Huit ans plus tard, on en compte 162, puis en 1920, on en dénombre plus de 13 000. Cette croissance est phénoménale. Dix ans plus tard, on parle de 65 000 voitures et, en considérant l’ensemble de l’île de Montréal, il y en aurait 10 000 de plus. Évidemment, ces automobilistes réclament la construction d’un grand pont pour traverser le fleuve Saint-Laurent. 

L’ancrage montréalais du nouveau pont se fait à la hauteur du Faubourg à m’lasse. Ses résidents voient évidemment leur quartier se défigurer par l’arrivée des piles de l’infrastructure.
L’ancrage montréalais du nouveau pont se fait à la hauteur du Faubourg à m’lasse. Ses résidents voient évidemment leur quartier se défigurer par l’arrivée des piles de l’infrastructure. Archives de la Ville de Montréal

La construction du 3e lien

Ce n’est pas simple de construire un pont pour enjamber un puissant fleuve comme le Saint-Laurent. 

À l’époque, les automobilistes n’ont que deux options pour traverser le fleuve de Montréal à la rive sud: utiliser un bateau traversier ou le pont Victoria.

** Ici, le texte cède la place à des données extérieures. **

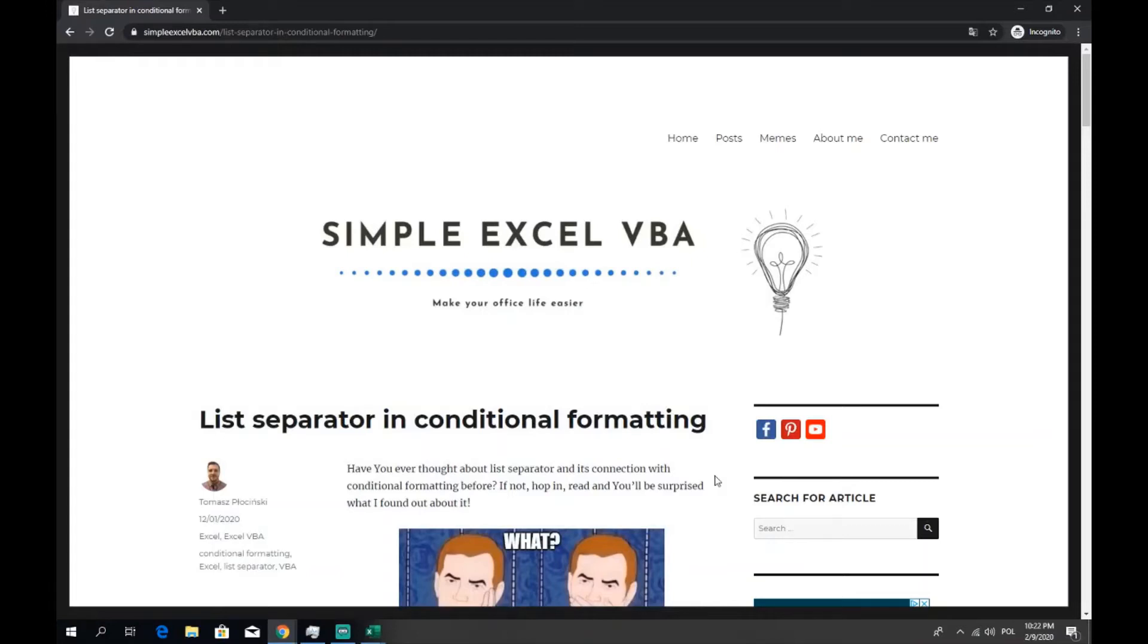Hello ladies and gentlemen, my name is Tomasz and in today's video we're going to talk about list separator in conditional formatting.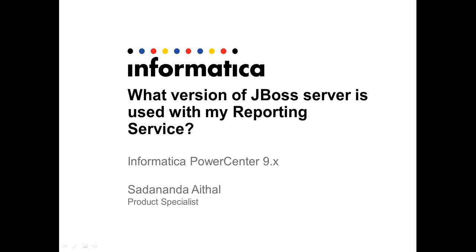Hi, welcome to Informatica support videos. I'm Sadhananda Aithar, a product specialist in the Informatica global customer support team. Today, I'm going to help you with the following question.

Saviez-vous que lors de l’inauguration du pont Victoria en 1860, de nombreux journaux parlaient de cette infrastructure comme de la 8e merveille du monde moderne? Ce pont de presque 3 km (2790 mètres) de long était à l’époque le plus long pont ferroviaire au monde. Même si l’on a modifié la structure du pont Victoria pour accueillir des automobiles après 1899, il apparaît évident qu’une nouvelle construction s’impose avant que la congestion automobile bloque les rues de la métropole.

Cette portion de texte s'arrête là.